BEGIN DATA EXTRACT
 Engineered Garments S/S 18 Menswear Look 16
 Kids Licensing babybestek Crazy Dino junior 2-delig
END DATA EXTRACT
BEGIN DATA EXTRACT
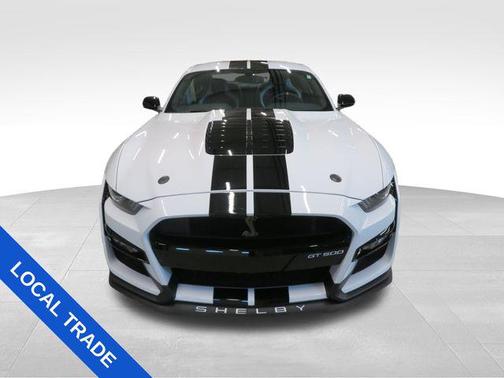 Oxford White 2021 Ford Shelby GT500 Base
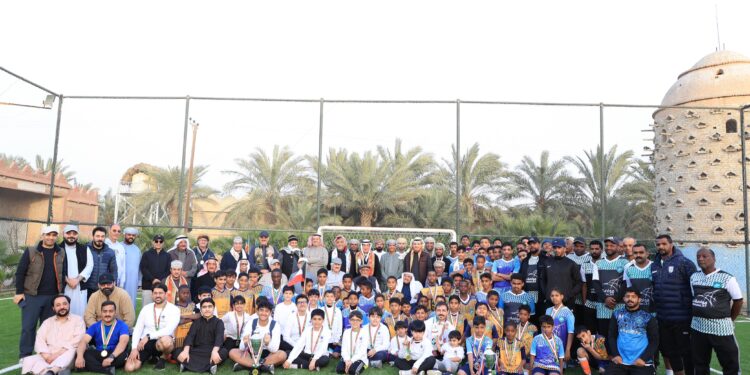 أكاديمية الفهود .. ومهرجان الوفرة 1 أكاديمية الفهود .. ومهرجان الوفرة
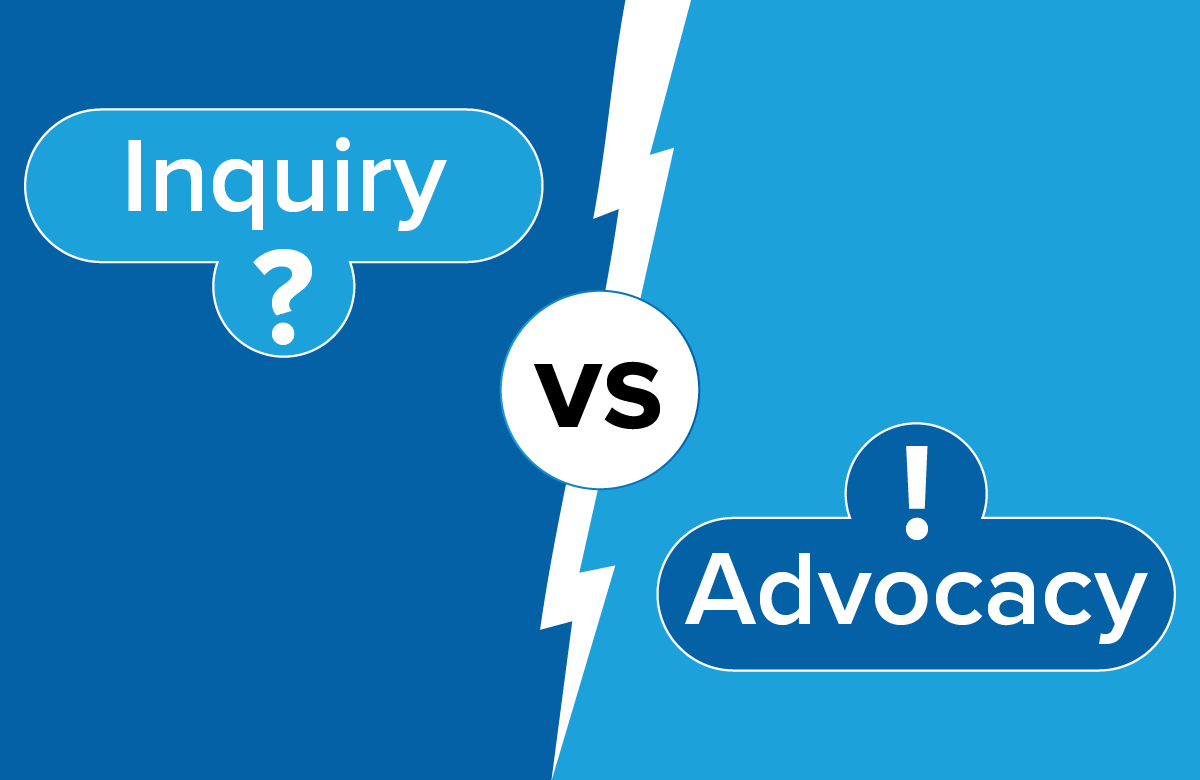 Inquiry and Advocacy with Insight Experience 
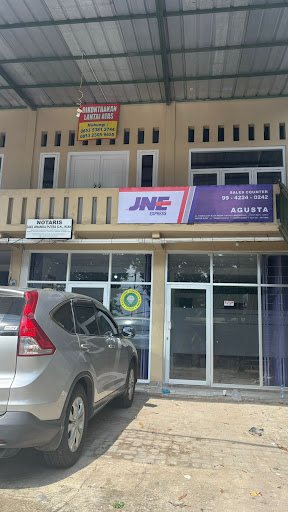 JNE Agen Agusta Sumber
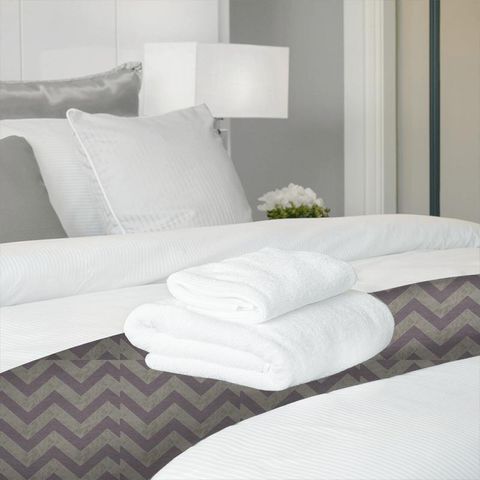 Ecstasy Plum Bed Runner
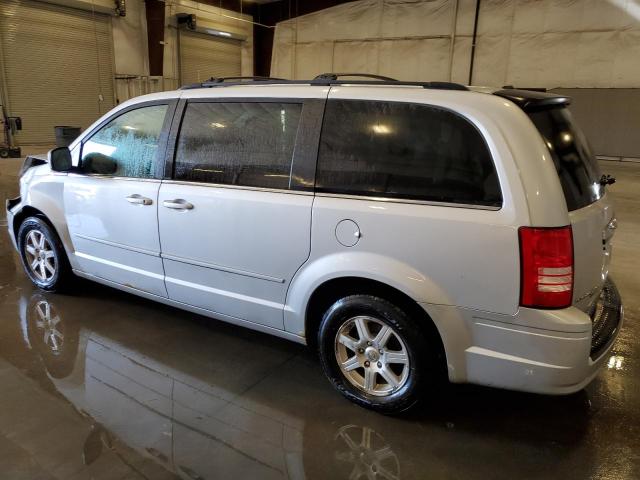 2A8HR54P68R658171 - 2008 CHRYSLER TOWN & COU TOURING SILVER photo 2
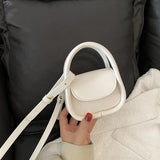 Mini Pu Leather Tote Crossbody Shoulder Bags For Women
END DATA EXTRACT
EXERCISE PROMPT
Your copy should hold the lines from the one with "JNE Agen Agusta Sumber" up to and including the one with "Mini Pu Leather", exactly as in the data above, and no pictures.

TASK RESULT
 JNE Agen Agusta Sumber
 Ecstasy Plum Bed Runner
 2A8HR54P68R658171 - 2008 CHRYSLER TOWN & COU TOURING SILVER photo 2
 Mini Pu Leather Tote Crossbody Shoulder Bags For Women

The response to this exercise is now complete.